+++ AVAILABLE RECORDS +++

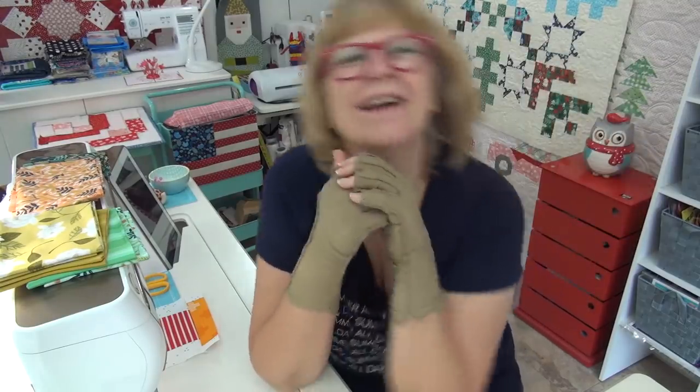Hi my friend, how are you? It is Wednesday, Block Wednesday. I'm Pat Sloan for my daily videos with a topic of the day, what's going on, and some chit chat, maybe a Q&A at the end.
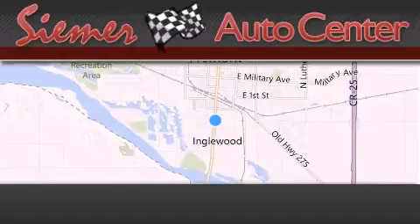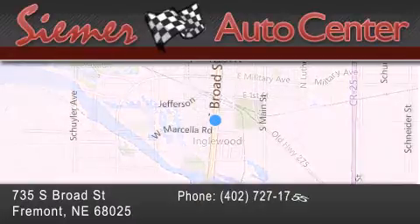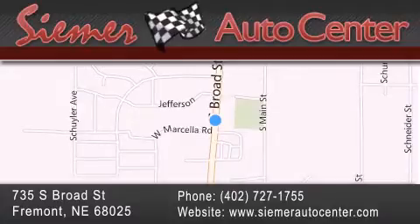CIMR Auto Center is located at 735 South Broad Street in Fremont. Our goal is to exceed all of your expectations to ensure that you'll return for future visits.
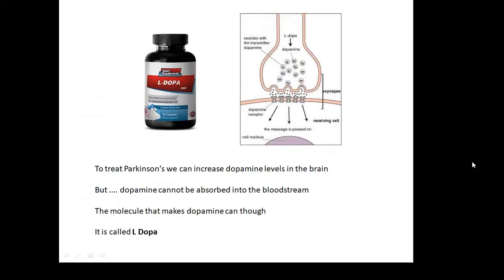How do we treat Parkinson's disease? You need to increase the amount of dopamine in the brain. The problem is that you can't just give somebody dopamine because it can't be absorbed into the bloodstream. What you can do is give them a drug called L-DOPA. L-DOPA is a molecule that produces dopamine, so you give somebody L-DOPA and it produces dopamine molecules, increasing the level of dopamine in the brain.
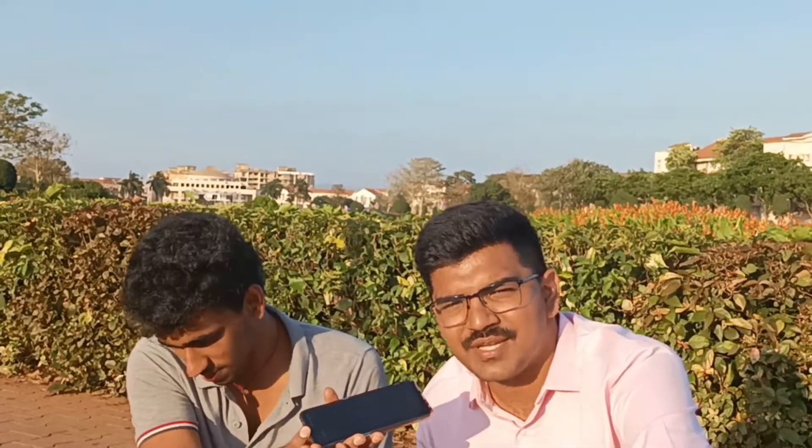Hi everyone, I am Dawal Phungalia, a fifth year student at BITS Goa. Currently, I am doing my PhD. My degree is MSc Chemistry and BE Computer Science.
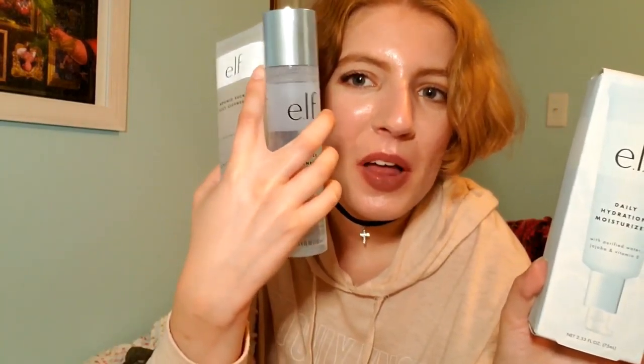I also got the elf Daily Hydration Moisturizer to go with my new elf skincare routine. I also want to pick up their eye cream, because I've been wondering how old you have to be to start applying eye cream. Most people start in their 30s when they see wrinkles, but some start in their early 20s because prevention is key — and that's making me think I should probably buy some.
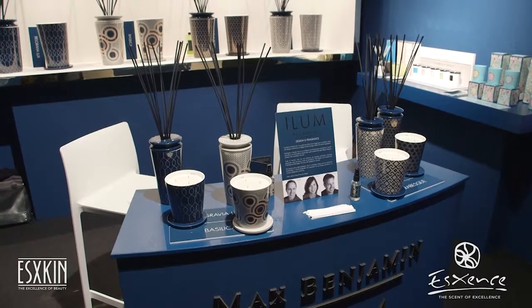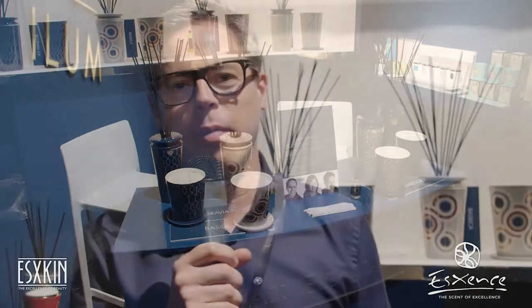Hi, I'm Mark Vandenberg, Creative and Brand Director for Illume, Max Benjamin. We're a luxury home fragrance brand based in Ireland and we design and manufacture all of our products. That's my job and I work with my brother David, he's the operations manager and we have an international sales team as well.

+++

WORK TO COMPLETE – Could you restate every entry above word for word, leaving out the pictures?

COMPLETED EXERCISE –
Hi my friend, how are you? It is Wednesday, Block Wednesday. I'm Pat Sloan for my daily videos with a topic of the day, what's going on, and some chit chat, maybe a Q&A at the end.
CIMR Auto Center is located at 735 South Broad Street in Fremont. Our goal is to exceed all of your expectations to ensure that you'll return for future visits.
How do we treat Parkinson's disease? You need to increase the amount of dopamine in the brain. The problem is that you can't just give somebody dopamine because it can't be absorbed into the bloodstream. What you can do is give them a drug called L-DOPA. L-DOPA is a molecule that produces dopamine, so you give somebody L-DOPA and it produces dopamine molecules, increasing the level of dopamine in the brain.
Hi everyone, I am Dawal Phungalia, a fifth year student at BITS Goa. Currently, I am doing my PhD. My degree is MSc Chemistry and BE Computer Science.
I also got the elf Daily Hydration Moisturizer to go with my new elf skincare routine. I also want to pick up their eye cream, because I've been wondering how old you have to be to start applying eye cream. Most people start in their 30s when they see wrinkles, but some start in their early 20s because prevention is key — and that's making me think I should probably buy some.
Hi, I'm Mark Vandenberg, Creative and Brand Director for Illume, Max Benjamin. We're a luxury home fragrance brand based in Ireland and we design and manufacture all of our products. That's my job and I work with my brother David, he's the operations manager and we have an international sales team as well.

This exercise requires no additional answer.